On-premise
Prophecy can be deployed on-premise for customers who require maximum security or want to run on their own on-premise Spark versions (e.g. CDP, HDP, MapR). As for the cloud deployments, also for on-premise, Prophecy is deployed on a Kubernetes cluster. With that setup, Prophecy seamlessly integrates with the rest of your infrastructure.
Prophecy is installed through a Prophecy Kubernetes operator, which automatically takes care of the common ops tasks, like maintenance of the service, health checks, updates, version rollback etc.
Requirements
To install Prophecy on-premise the following infrastructure requirements must be satisfied:
Cluster
- Kubernetes Version (minimum): 1.14
- Images: Accessible from a secure container registry available at
gcr.io
. This location can be configured to a customer's internal container registry.
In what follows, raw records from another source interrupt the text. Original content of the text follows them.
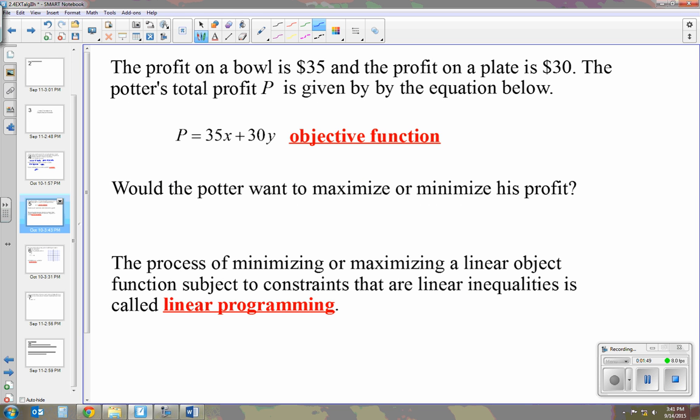The next piece is the objective function. The profit on a bowl is $35 and the profit on a plate is $30. The potter's total profit P is given by the equation P equals 35x plus 30y. That's the objective function — the objective is to gain profit.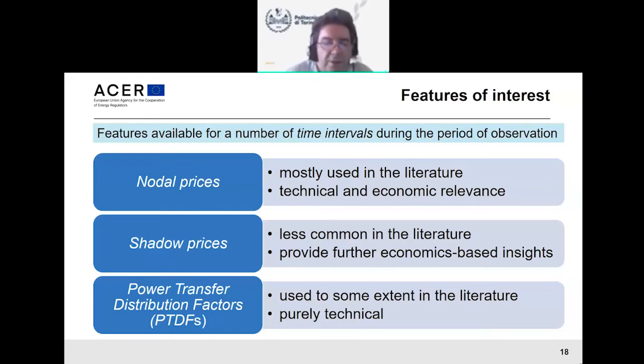A question was raised about which model will be used for calculating the LMPs and details on its features. This does not come from the Politecnico di Torino team — they receive the data already calculated — so Rafa from ACER would be best placed to respond on how the LMPs are calculated.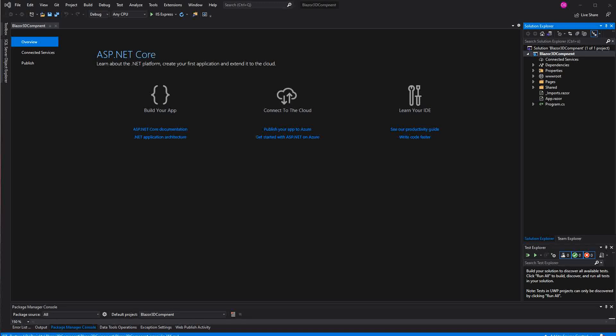Welcome to this video about creating a 3D component in Blazor WebAssembly. The shown project will only work with the WebAssembly hosting model because if you would choose the server one, all of the user's interaction would need to be sent to the server over the WebSockets connection, and the overhead would just be too big.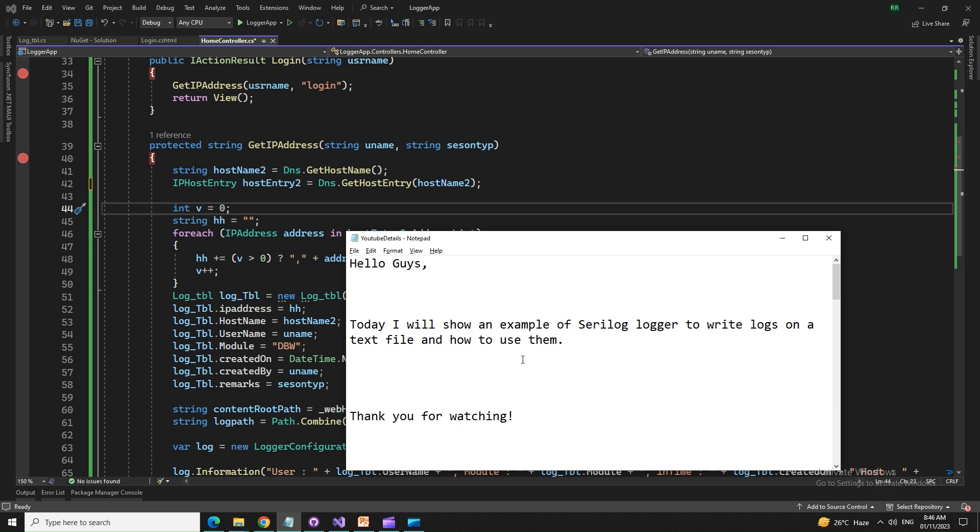Hello friends, today I'm going to show you an example of Serilog Logger to write logs onto a text file and how you can use that.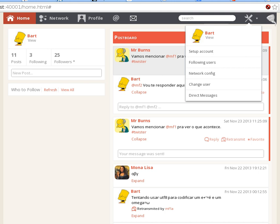Furthermore, Twister is designed to prevent other users from knowing your GSM localization, IP address, and who you are following. Users can publish public messages as with other microblogging platforms, but when they send direct messages and private messages to other users, these are protected from unsolicited access.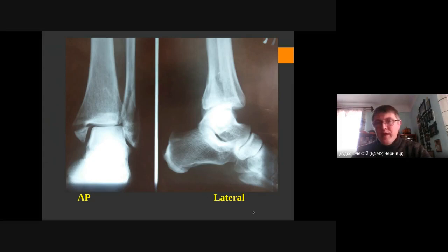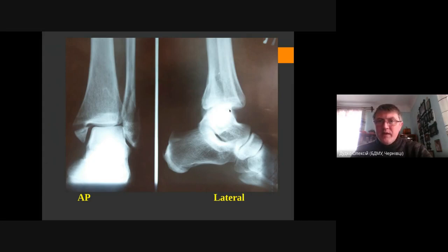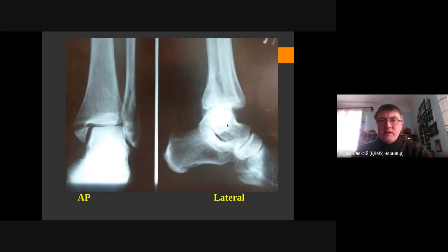Now let's go to the lateral view. Here we can see some other interesting findings. We should check the joint surface — we see the posterior part and we see that the talus is dislocated to the posterior part as well.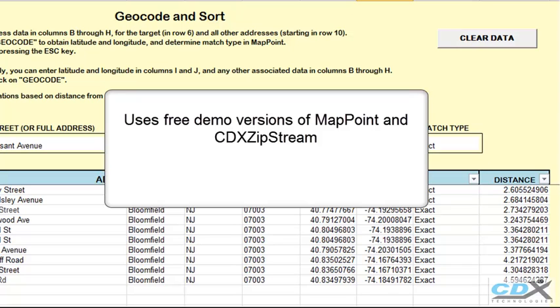We also offer for sale a similar template that can create custom reports of the results for both multiple employees and stores. You can see how this works in the video here.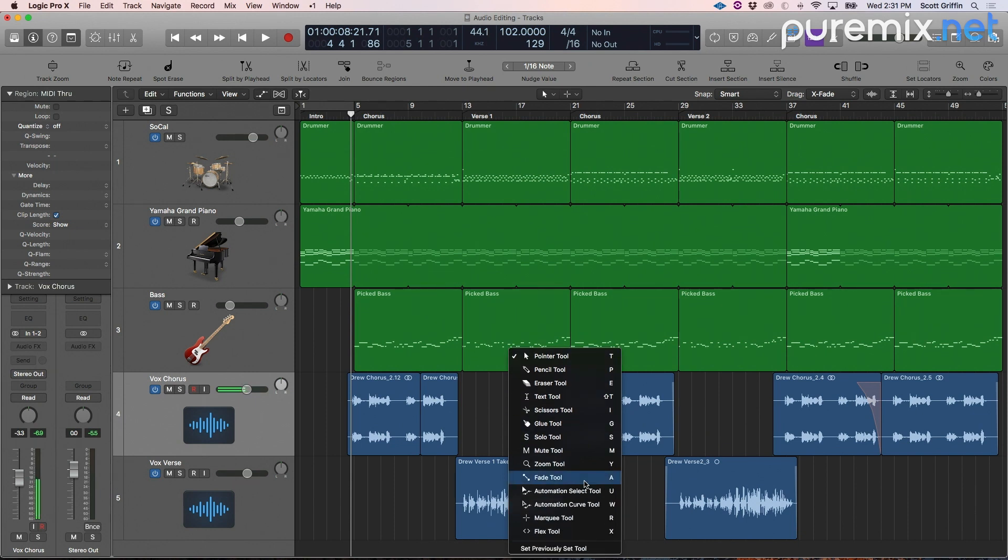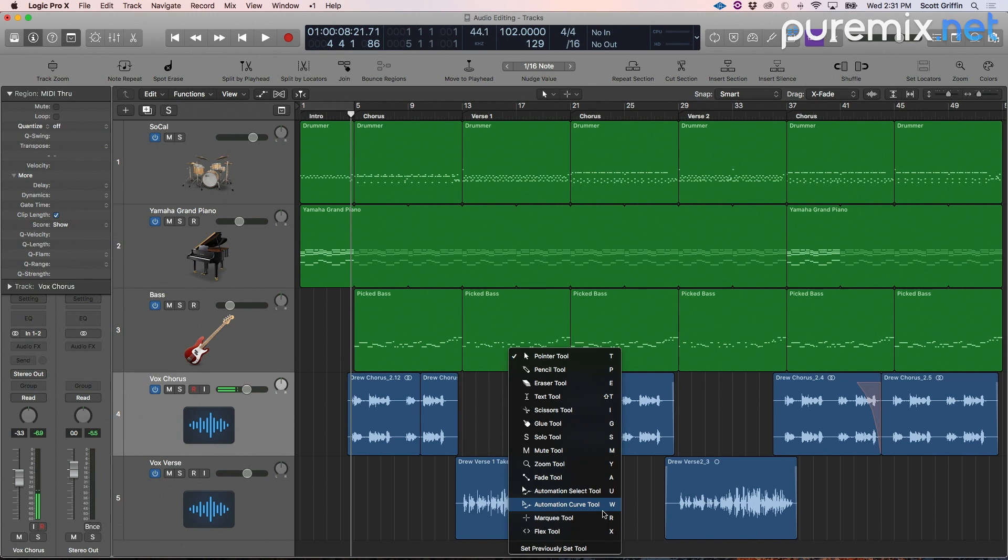We already covered a couple of different ways we can make fades without using the fade tool. These other tools have specific functions for automation and flex time. We'll get into those at later videos, but they actually do have a place.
Minimum service requirements:
Namespace | Description | # Cores | # RAM | # Block Storage |
---|---|---|---|---|
Control Plane | Main services (front-end, code editor, metadata, lineage, etc) | 34 Cores | 68GB | 150GB |
Data Plane | Services serving as a bridge between Spark and Prophecy UI | 6 Cores | 10GB | 10GB |
Platform | Backup(Twice-a-day, configurable) , Monitoring, logging services (optional) | 4 Cores | 8GB | 200GB |
*Platform Services can also run on File-based storage
Storage
Prophecy requires:
- Block storage needs to be available in the Kubernetes cluster
- Kubernetes cluster configured in either multi-AZ or single-AZ mode. For multi-AZ mode, the block storage has
to have the volume binding mode set to
waitforfirstconsumer
- Dynamic provisioning of block and file storage
- Prophecy supports any storage class out of the box.
Role
Prophecy requires:
ClusterRole
permissions are optional for CRD installation- If not available, the customer can create the required CRDs by deploying a single helm chart (shared on request)
Networking
Prophecy requires:
Ingress
- Prophecy supports a Prophecy-managed or customer-managed nginx ingress controller. Either Kubernetes
nginx
or officialnginx
controllers of any version are supported. We recommend the latest stable version. - Non-
nginx
controller configuration is possible, however, not recommended. - Prophecy supports Istio-based ingress gateways as well.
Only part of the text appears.